Medieval London

Seal Matrix

Seal Matrix.jpg

Seals were common items in medieval England, used by many different social classes. They were utilized for a variety of exchanges, the most frequent being land agreements, but seals validated any documents that needed proof of identity. They were also attached to documents for  binding contracts or rental agreements within urban and rural settings. Offices such as the mayor or other officials of London and other cities had seals, or they could be utilized by the clergy, primarily by the bishop to seal court documents or missives between people. 

A seal has two parts: the wax seal and the metal matrix, which have different functions. The matrix is part composed of metal or wood and engraved or inscribed with some form of identification. Symbols like flowers, fleur-de-lys, crescents, or other personal identification marks, along with some text, identify the owner. High-status goldsmith often made the high-quality gold and silver seals, while other smiths, such as tinsmiths, tended to make more mass-produced seals from cheaper materials. Mass-produced matrices were easy to make so that an owner would have several different seal matrices within his or her lifetime. A seal was created when the matrix was pressed down into sealing wax, which was made of beeswax with some dye to make it appear red or another color. The seal was pressed onto the hanging part of the document. When the seal wax hardened, the seal was formed and was attached to the documents to authenticate them.

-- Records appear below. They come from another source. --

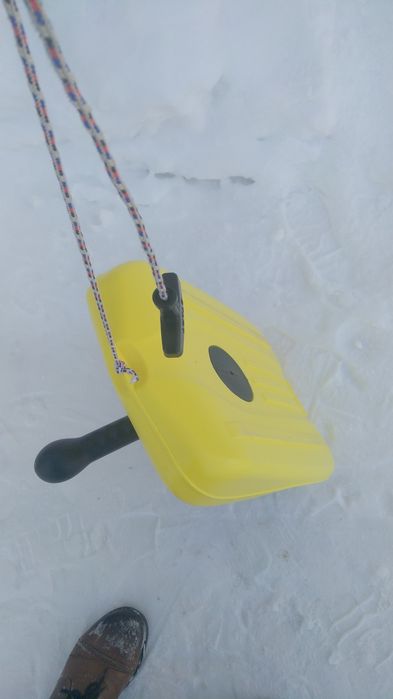 Санки для горки пластик с держателем для рук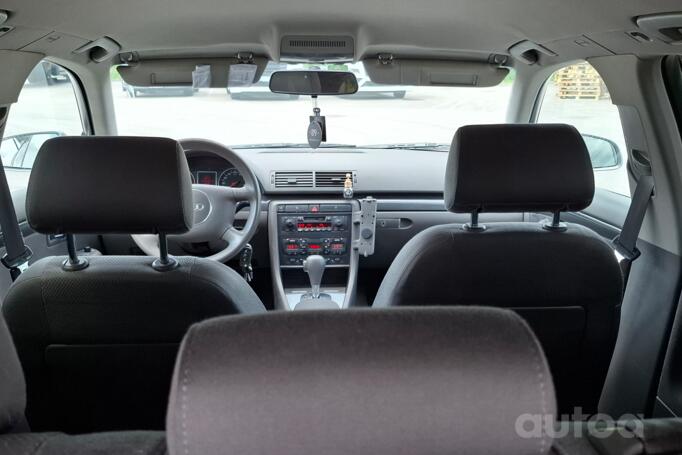 Audi A4 B6 Avant wagon 5-doors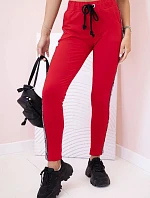 Dámské teplákové kalhoty s lampasem a šňůrkou v pase červené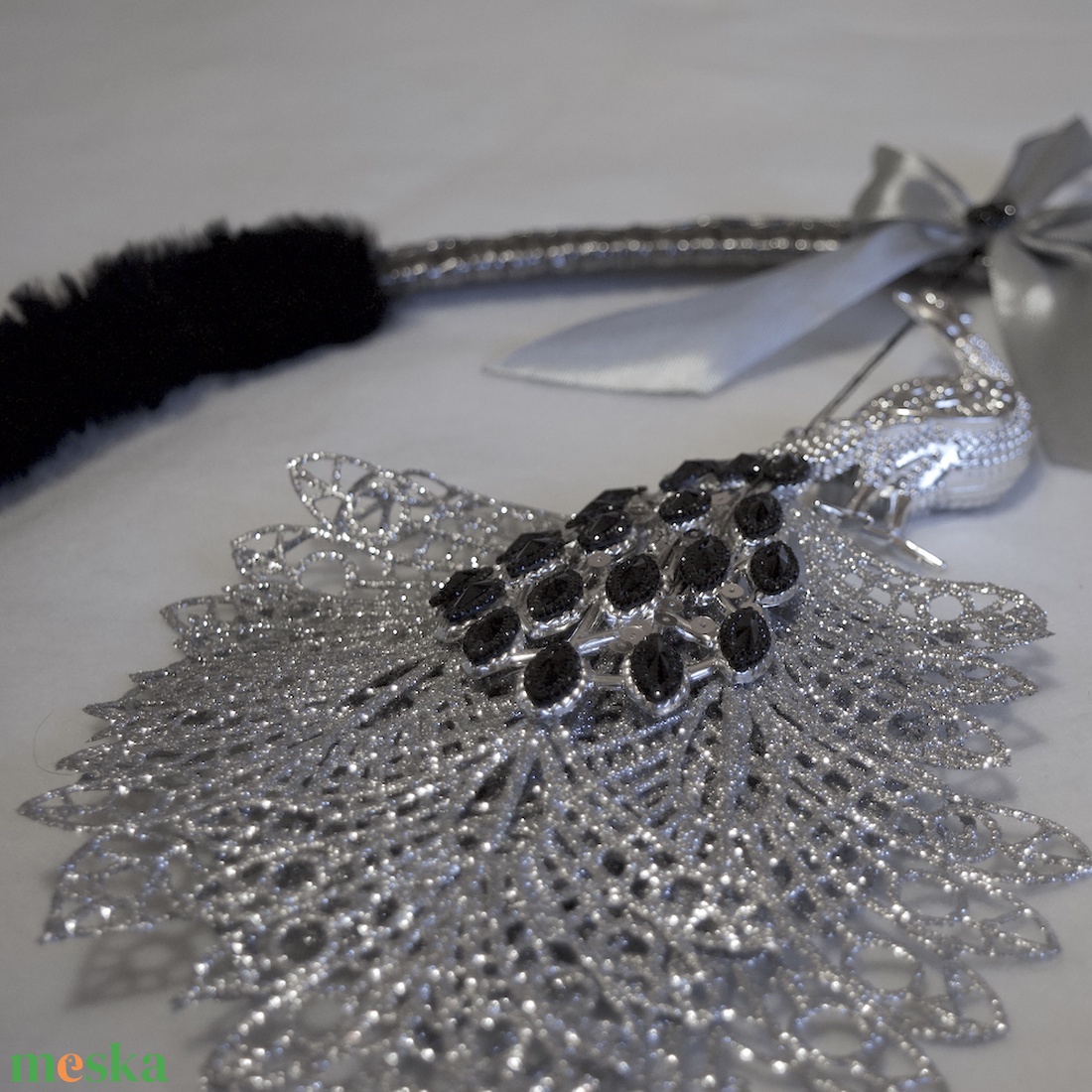 Ezüst-fekete páva fali - ajtódísz - karácsony - karácsonyi lakásdekoráció - karácsonyi ajtódíszek - Meska.hu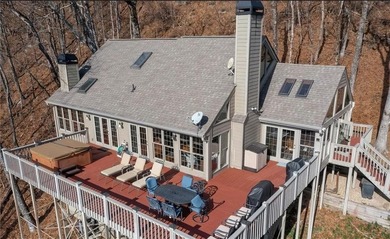THAT VIEW . . . This perfect mountain cabin sits at over 3000 - photo 48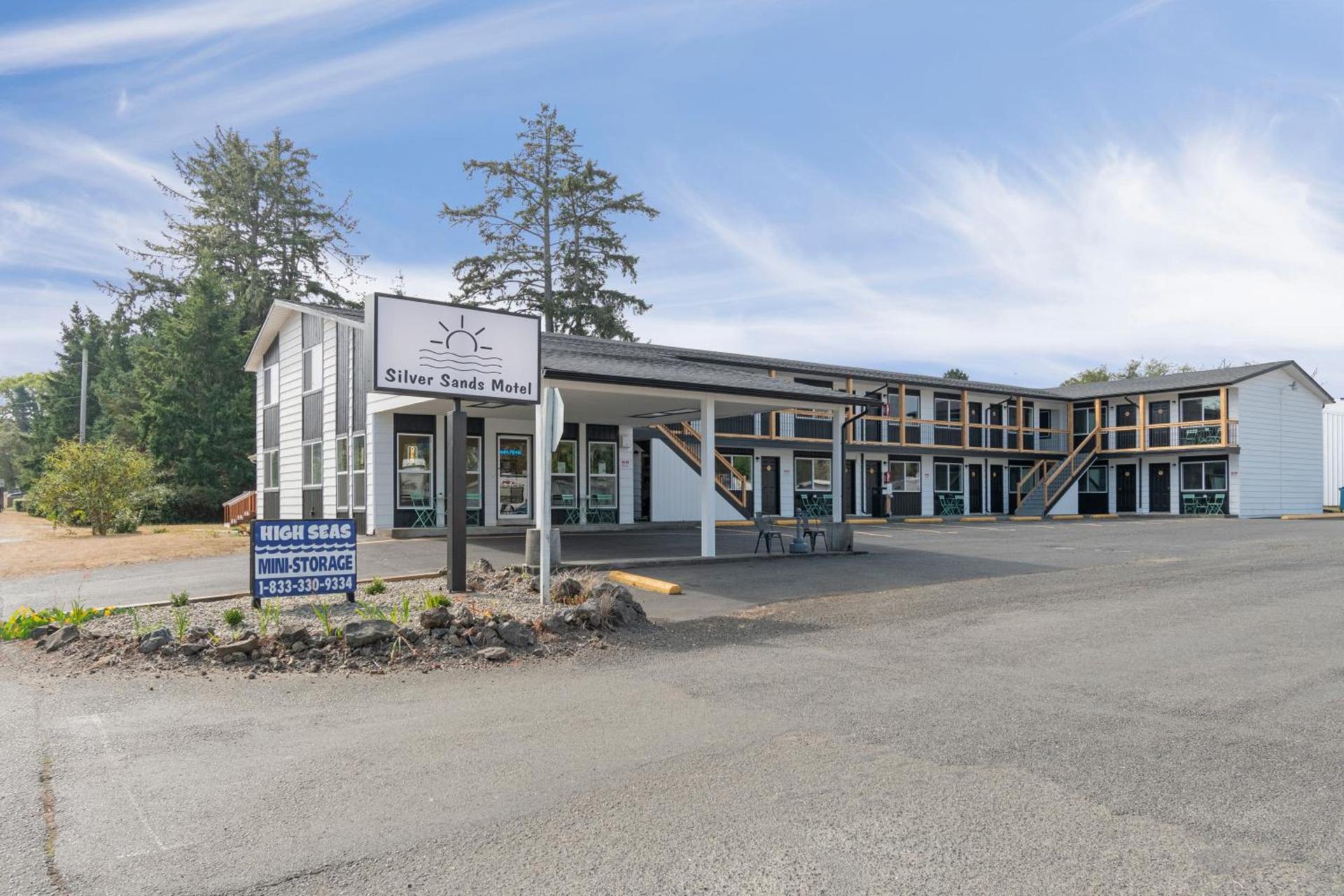 Silver Sands Motel — hotel in Westport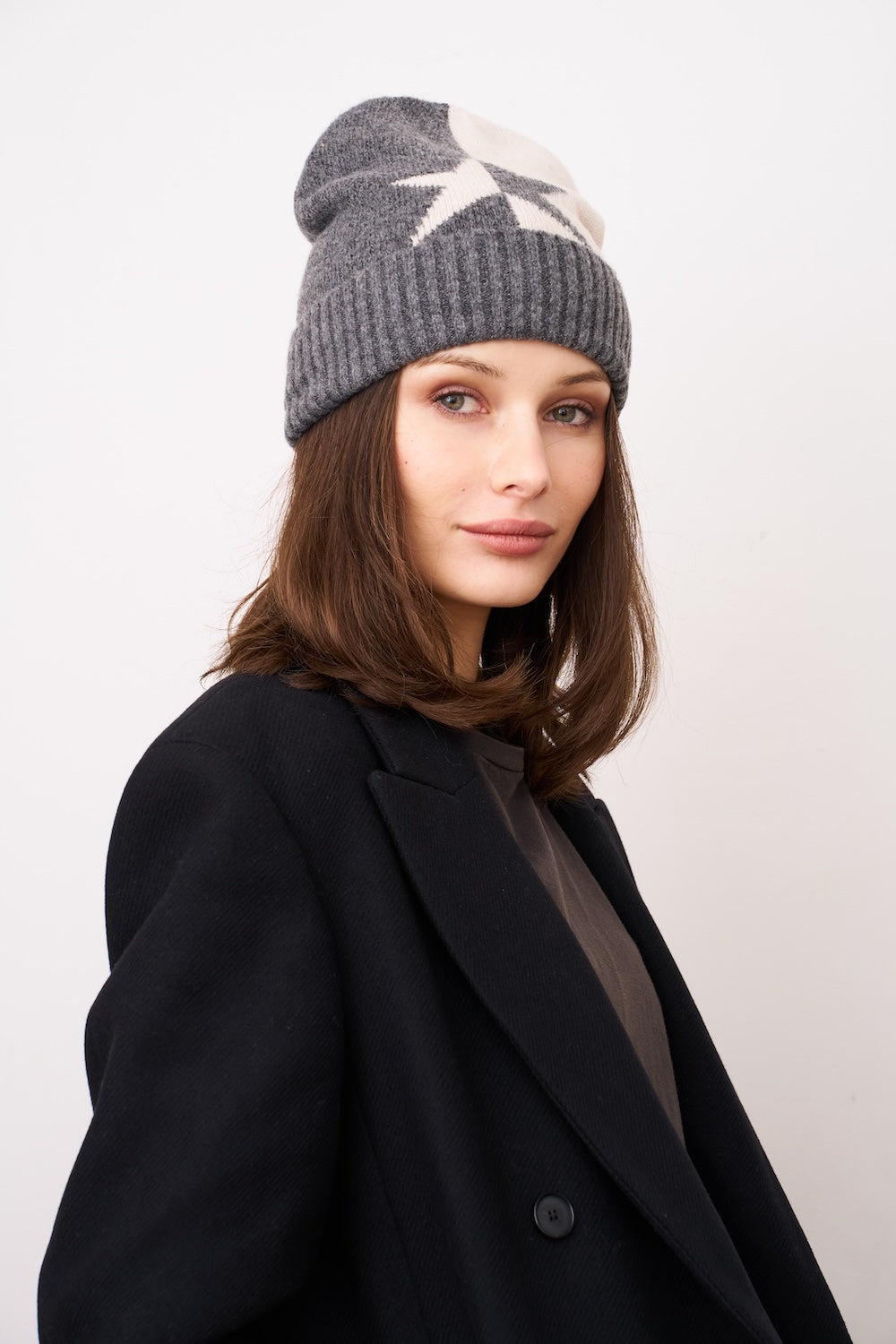 STAR PATTERN BEANIE | Vintage Havana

Within London, seals were utilized less for land agreements and more for commercial purposes. Personal seals were usually owned by those of middle to high socioeconomic standing and could be considered a status symbol. Many seals found within London were personal seals utilized for business contracts, so their matrixes had symbols associated with particular trades such as grocers and smiths. Gilds within London also had seals that they used to sign official documents. Other types of administrative seals were those of the different courts in London, which used their seal to authorize official documents. London itself had a city seal, and individual civic rulers such as the mayor also had his own seal. Kings and Queens of England utilized the Great Seal of England to sign their official documents. In medieval England, a seal was a tool to validate documents by a person, family, or private or governmental group.        

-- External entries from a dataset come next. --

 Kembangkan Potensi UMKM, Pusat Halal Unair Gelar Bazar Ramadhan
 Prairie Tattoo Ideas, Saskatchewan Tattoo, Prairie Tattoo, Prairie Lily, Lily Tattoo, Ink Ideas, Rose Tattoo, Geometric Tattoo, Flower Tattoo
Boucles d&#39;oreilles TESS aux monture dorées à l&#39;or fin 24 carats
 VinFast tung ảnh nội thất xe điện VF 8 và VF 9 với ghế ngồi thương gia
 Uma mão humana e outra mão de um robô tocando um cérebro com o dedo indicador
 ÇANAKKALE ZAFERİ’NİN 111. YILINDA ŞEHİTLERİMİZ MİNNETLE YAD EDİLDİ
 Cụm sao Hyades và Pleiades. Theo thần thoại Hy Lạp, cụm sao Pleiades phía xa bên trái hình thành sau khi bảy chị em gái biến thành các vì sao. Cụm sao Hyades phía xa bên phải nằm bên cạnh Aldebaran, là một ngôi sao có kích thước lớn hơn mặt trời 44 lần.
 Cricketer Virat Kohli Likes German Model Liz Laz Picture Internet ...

The seal shown here, however, was not applied in an administrative capacity, for it was a personal seal.  It most likely belonged to Margaret, the daughter of Alfred, who may have been a medieval businesswoman who used this seal o authenticate documents for her business or possibly her husband’s business. She lived during the twelfth century according to the style of the seal. It is 36 mm long and 24 mm wide and made of lead alloy. The lead alloy is an indication of her socioeconomic status because lead alloy was used in the cheaper seals but was still expensive to produce.  It is silver in color and has three details inscribed onto the surface of the seal matrix: a crescent, a star, and the an inscription in Lombardic lettering that reads ‘S’ MARG’ FIL ALVRADI’ meaning the seal of Margaret, daughter of Alfred. It is a vesica-shaped seal, an oval with pointed ends that was common for the personal seals of women.

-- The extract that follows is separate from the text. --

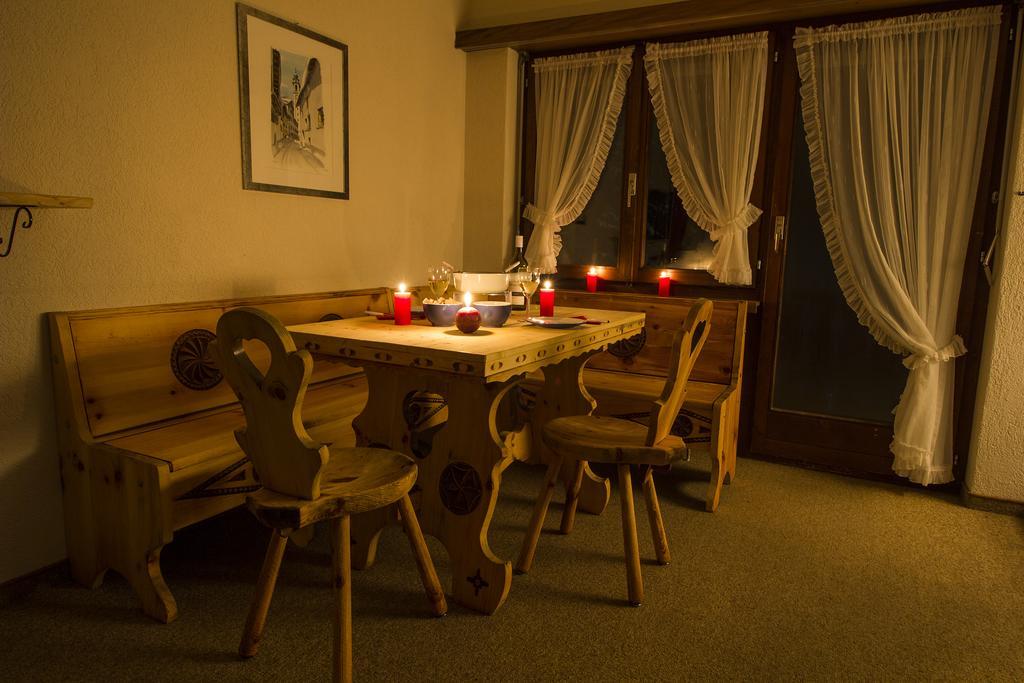 Chesa Dominium Lägenhet Bergün Exteriör bild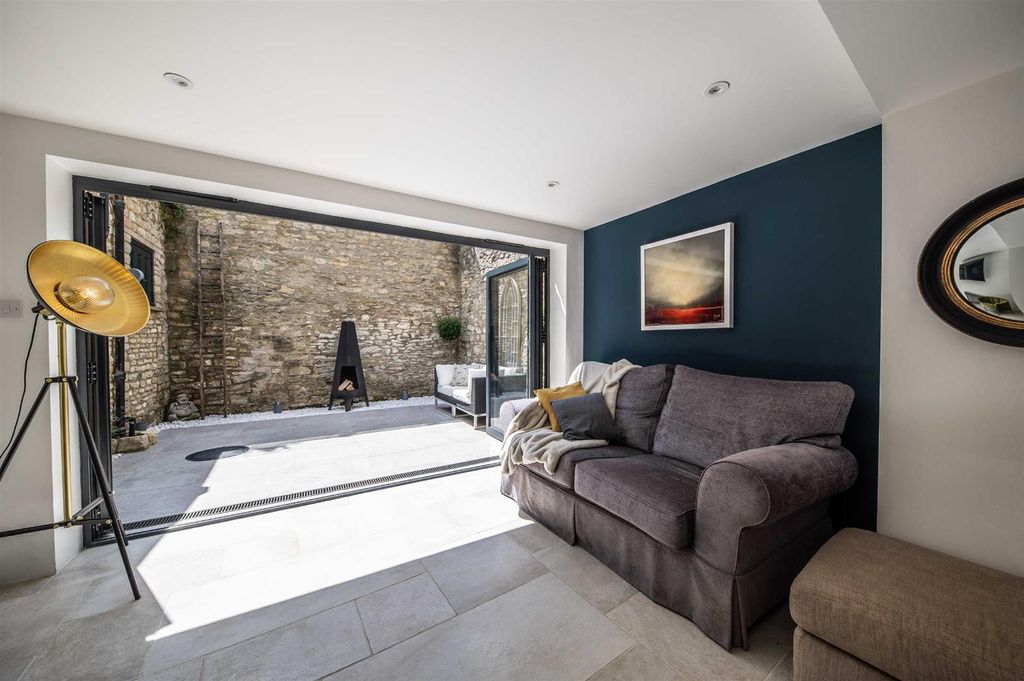 Additional image 2 of 2 bed terraced house for saleOxford Street, Woodstock OX20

The Imprint project is using seals to find fingerprints from the middle ages to track the distribution of land and chart economic trends within England during the twelfth through fourteenth centuries. When pressing a seal matrix into the wax sometimes a fingerprint was left behind, and now a team of historians along with forensic scientists are trying to use the fingerprints to see connections between seals and documents of the time.